Domenica 28 aprile 2024
V domenica del Tempo di Pasqua
Gv 15, 1-8
Dal Vangelo secondo Giovanni
In quel tempo, Gesù disse ai suoi discepoli: «Io sono la vite vera e il Padre mio è l’agricoltore. Ogni tralcio che in me non porta frutto, lo taglia, e ogni tralcio che porta frutto, lo pota perché porti più frutto. Voi siete già puri, a causa della parola che vi ho annunciato.
Rimanete in me e io in voi. Come il tralcio non può portare frutto da se stesso se non rimane nella vite, così neanche voi se non rimanete in me. Io sono la vite, voi i tralci. Chi rimane in me, e io in lui, porta molto frutto, perché senza di me non potete far nulla. Chi non rimane in me viene gettato via come il tralcio e secca; poi lo raccolgono, lo gettano nel fuoco e lo bruciano.

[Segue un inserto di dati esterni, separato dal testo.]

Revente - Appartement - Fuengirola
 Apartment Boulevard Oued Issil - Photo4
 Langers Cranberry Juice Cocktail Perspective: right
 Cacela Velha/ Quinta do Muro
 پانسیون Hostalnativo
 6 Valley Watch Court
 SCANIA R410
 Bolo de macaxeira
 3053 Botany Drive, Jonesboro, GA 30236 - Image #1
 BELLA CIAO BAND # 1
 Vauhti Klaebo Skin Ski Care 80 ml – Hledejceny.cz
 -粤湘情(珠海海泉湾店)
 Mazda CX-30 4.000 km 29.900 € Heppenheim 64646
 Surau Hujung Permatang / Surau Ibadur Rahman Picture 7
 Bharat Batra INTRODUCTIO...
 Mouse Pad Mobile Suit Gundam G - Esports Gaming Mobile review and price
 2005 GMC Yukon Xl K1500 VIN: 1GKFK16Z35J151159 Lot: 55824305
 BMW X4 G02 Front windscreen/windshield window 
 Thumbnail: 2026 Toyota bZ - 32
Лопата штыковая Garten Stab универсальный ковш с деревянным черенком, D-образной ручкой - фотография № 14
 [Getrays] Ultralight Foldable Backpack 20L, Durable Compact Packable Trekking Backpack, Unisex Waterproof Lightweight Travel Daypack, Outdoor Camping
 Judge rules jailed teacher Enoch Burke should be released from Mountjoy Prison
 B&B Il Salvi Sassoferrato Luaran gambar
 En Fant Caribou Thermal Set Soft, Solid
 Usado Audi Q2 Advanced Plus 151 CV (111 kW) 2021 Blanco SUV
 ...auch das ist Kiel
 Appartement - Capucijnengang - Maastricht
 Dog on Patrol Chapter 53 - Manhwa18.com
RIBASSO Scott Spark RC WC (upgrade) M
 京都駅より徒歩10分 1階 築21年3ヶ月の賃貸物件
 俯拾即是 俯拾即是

Se rimanete in me e le mie parole rimangono in voi, chiedete quello che volete e vi sarà fatto. In questo è glorificato il Padre mio: che portiate molto frutto e diventiate miei discepoli».
COMMENTO AL VANGELO DI DON GIANPAOLO ROMANO, ASSISTENTE SPIRITUALE DELLE ACLI DI COMO
Non è mica vero. Non è vero che senza Gesù non possiamo far nulla. Conosciamo tanti esempi di persone lontane, lontanissime dal Dio di Gesù Cristo e che pure compiono opere meravigliose, gesti di bontà gratuita e di carità autentica da far impallidire tante “buone opere” a cui appiccichiamo l’etichetta di “cristiane”. Ma l’equivoco forse sta qui. Gesù non sta dividendo il mondo in buoni (con lui) e cattivi (senza di lui), ma ci sta dicendo che se non è radicato in lui, qualunque gesto, anche il migliore, rischia di essere portato via dal vento, rischia di essere sterile, destinato al nulla. È solo lui che può far profumare di eternità il nostro amore. Non è questione di etichette, allora. Perché ci possono essere opere che esplicitamente cristiane non sono, ma che sono portatrici di Vangelo. E altre che rischiano di essere solo involucri vuoti, che mostrano Gesù all’esterno, ma che ne sono intimamente privi. E allora, sì, in realtà è così: senza di lui non possiamo far nulla.
Rimanere in lui, dunque, come i tralci innestati nella vera vite, è il modo per portare frutto. Rimanere: non stare un po’ insieme, ma viverci con Gesù. Se è lui la sorgente del nostro agire, allora andrà a finire che, ovunque vada il fiume della nostra vita, porterà Gesù. Porteremo frutto. Dio si fida ancora di noi, nonostante tutto. Senza di lui, noi non possiamo far nulla, ma lui, senza di noi, non vuole far nulla… La vite porta frutto solo attraverso i tralci: Dio entra nella storia e nell’umanità solo attraverso di noi. Attraverso i nostri limiti, le nostre fragilità, accettando la nostra fallibilità. Sapendo che talvolta saranno le potature a farci migliori, a far sì che il nostro frutto sia più abbondante, più buono. Lui ci tiene con sé. Si fida. E noi?